### Task statement:
Below, locate the line that contains "Premdan Hotel - Mahavir Nagar - Ahmednagar". Repeat exactly from that line to the line that contains "Armani Exchange Barbat Tricouri - 0", inclusive, leaving out the pictures.

### Records for the exercise:
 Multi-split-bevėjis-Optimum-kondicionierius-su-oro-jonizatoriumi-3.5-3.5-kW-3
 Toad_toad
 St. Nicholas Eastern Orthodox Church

--

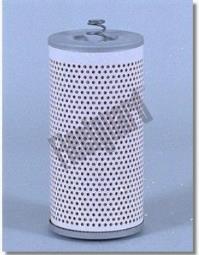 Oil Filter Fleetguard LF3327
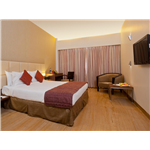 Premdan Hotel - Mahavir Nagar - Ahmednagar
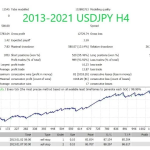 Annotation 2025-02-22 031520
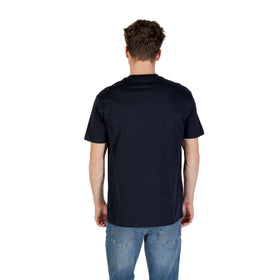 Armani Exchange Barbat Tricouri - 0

### Written answer:
 Premdan Hotel - Mahavir Nagar - Ahmednagar
 Annotation 2025-02-22 031520
 Armani Exchange Barbat Tricouri - 0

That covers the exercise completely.